*Task to complete*.
Output the data below only from the line containing "I'm Darren Bell, Director" up to and including the line containing "First, go to", exact and with the pictures left out.

-- Excerpted records follows --

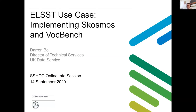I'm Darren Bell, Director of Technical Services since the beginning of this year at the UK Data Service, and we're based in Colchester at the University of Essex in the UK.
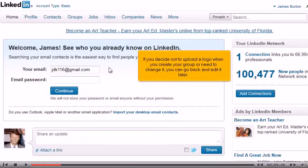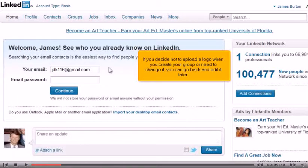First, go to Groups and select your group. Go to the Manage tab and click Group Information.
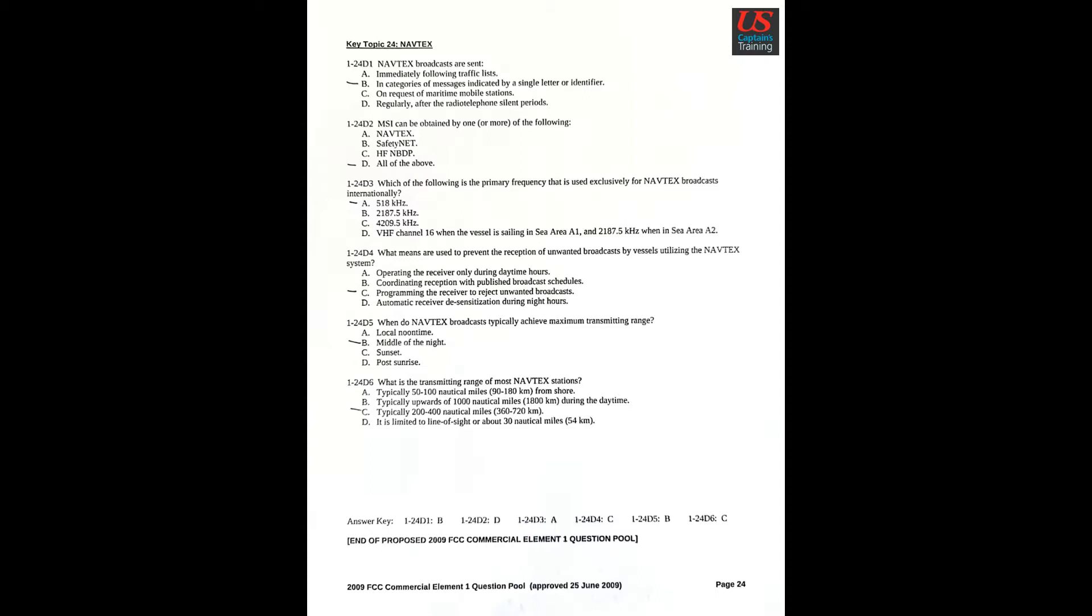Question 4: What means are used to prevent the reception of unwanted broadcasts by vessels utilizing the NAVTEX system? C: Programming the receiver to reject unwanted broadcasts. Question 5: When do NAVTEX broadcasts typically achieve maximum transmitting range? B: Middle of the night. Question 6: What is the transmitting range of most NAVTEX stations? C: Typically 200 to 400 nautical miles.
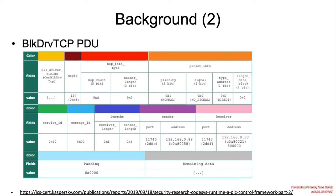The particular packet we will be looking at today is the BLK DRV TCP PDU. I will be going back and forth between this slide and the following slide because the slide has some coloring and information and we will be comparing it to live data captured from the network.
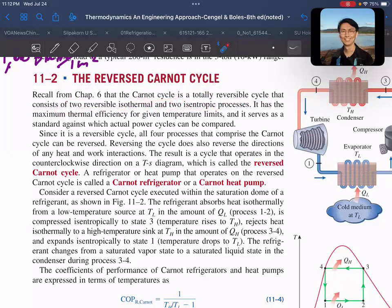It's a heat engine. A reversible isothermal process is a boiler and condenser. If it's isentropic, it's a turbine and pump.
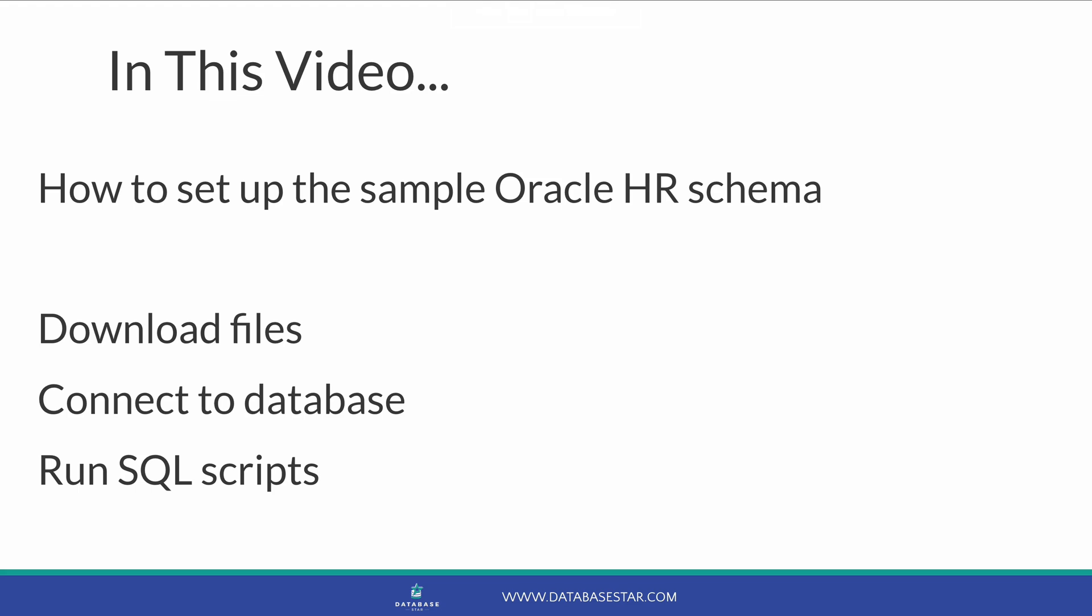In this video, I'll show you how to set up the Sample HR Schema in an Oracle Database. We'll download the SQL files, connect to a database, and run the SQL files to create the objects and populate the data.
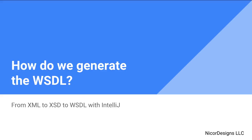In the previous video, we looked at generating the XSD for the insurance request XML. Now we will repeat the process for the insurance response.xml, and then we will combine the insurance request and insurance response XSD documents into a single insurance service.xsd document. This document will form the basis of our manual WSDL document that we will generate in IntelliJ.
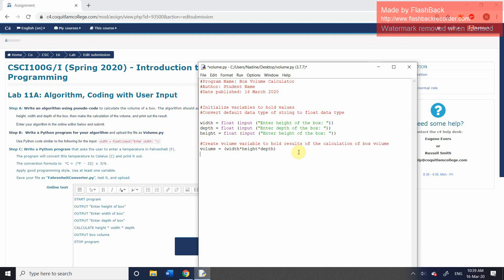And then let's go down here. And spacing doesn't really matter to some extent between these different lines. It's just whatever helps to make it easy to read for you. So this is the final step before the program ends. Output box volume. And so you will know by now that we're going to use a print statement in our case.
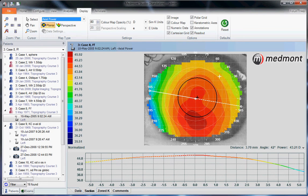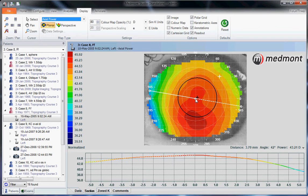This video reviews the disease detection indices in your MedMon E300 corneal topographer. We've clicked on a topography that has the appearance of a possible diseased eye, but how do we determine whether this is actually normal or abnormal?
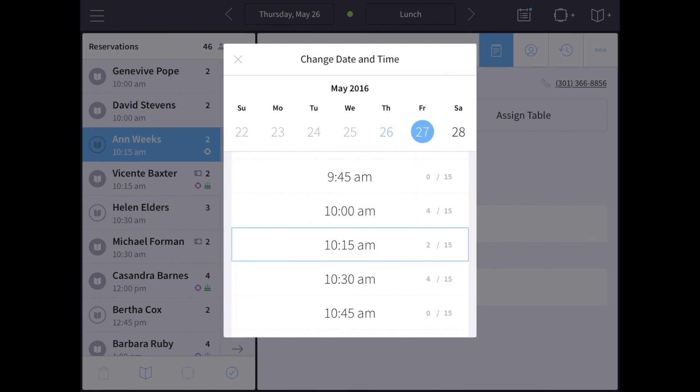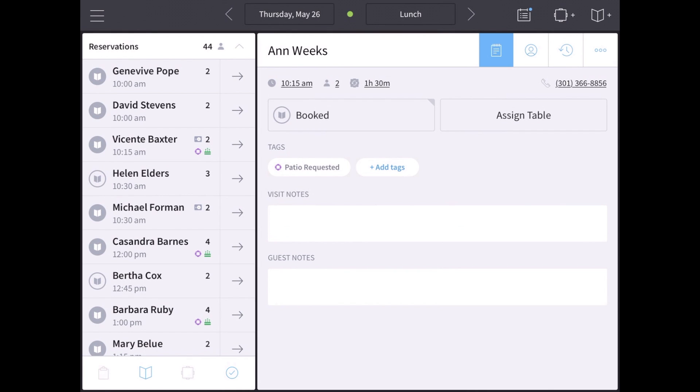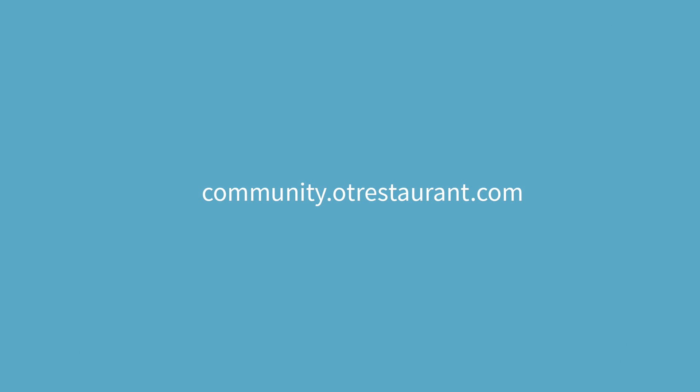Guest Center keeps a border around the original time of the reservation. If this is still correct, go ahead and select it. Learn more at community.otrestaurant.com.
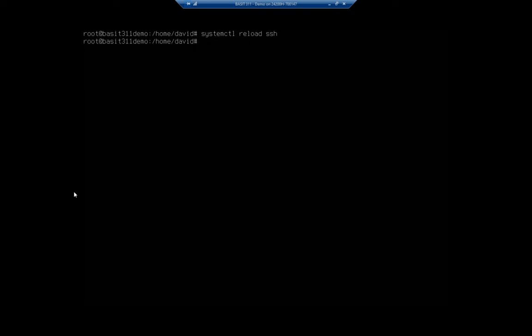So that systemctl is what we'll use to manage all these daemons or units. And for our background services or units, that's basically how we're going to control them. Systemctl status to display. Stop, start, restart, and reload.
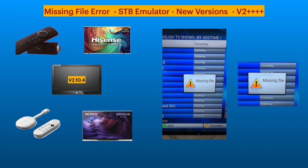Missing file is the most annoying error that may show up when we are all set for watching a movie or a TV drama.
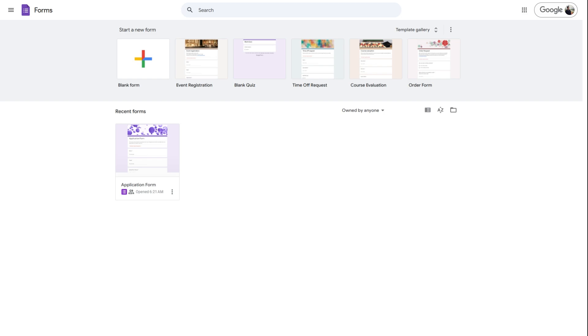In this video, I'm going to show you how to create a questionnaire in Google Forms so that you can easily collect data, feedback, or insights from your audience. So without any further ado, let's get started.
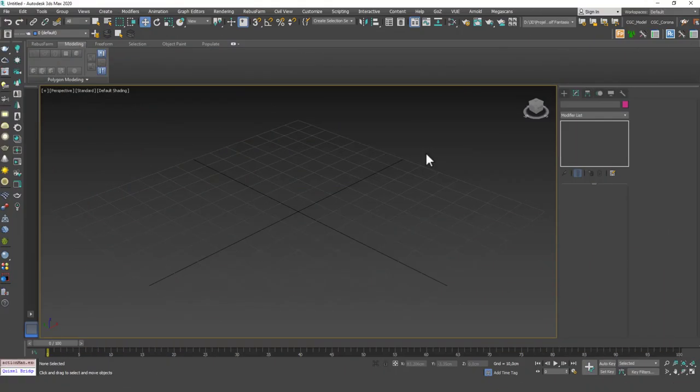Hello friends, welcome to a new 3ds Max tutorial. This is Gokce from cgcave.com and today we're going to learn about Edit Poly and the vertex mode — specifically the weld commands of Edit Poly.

-- Excerpted records concluded --
-- Excerpted records follows --

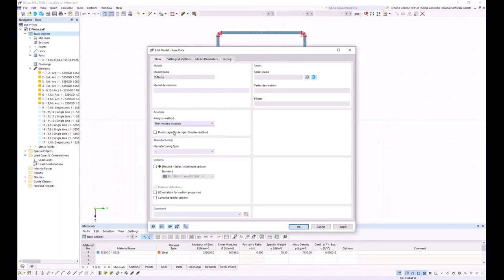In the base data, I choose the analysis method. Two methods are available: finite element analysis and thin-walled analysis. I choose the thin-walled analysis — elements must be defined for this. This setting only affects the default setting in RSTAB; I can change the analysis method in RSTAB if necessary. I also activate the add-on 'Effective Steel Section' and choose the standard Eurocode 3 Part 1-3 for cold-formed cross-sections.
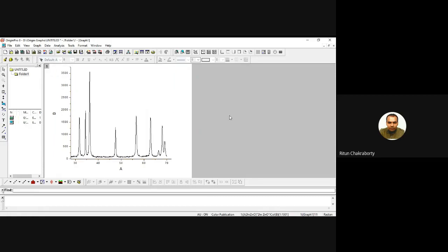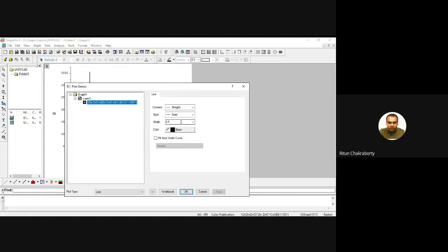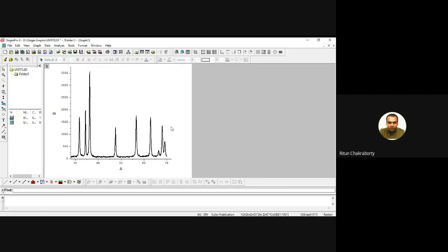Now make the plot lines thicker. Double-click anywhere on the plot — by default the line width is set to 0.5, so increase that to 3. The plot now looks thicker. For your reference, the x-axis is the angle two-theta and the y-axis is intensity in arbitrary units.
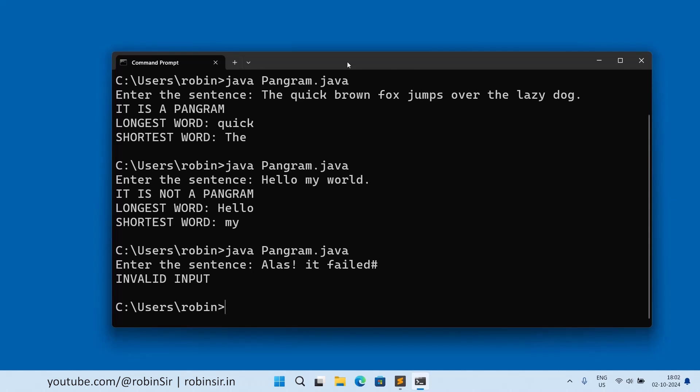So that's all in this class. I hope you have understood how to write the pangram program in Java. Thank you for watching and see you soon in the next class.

-- Excerpted records concluded --
-- Excerpted records follows --

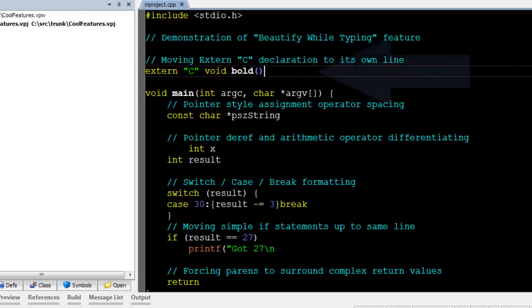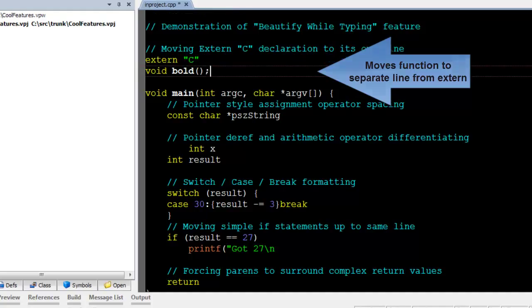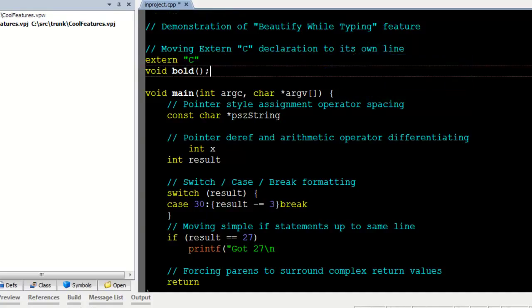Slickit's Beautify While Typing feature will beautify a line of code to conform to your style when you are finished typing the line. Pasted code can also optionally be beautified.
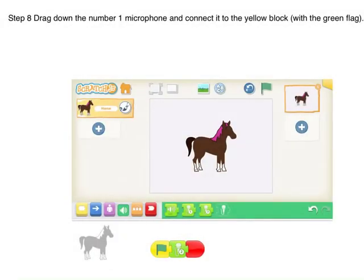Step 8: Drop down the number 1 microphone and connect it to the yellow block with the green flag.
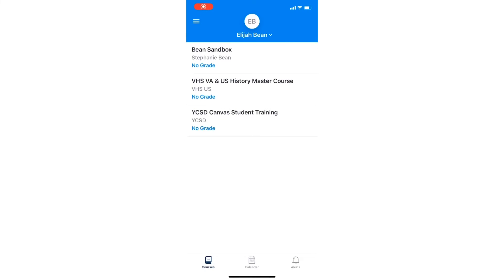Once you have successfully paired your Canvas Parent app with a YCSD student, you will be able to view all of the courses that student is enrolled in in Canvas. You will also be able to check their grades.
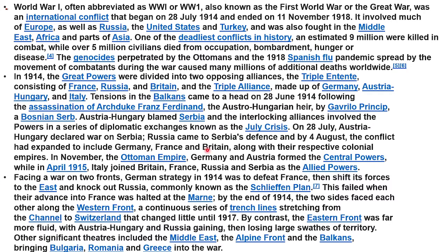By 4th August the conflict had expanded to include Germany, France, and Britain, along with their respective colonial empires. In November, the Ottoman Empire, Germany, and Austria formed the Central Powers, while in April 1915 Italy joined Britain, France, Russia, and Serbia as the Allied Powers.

-- Excerpted records concluded --

*Response below*.
I'm Darren Bell, Director of Technical Services since the beginning of this year at the UK Data Service, and we're based in Colchester at the University of Essex in the UK.
First, go to Groups and select your group. Go to the Manage tab and click Group Information.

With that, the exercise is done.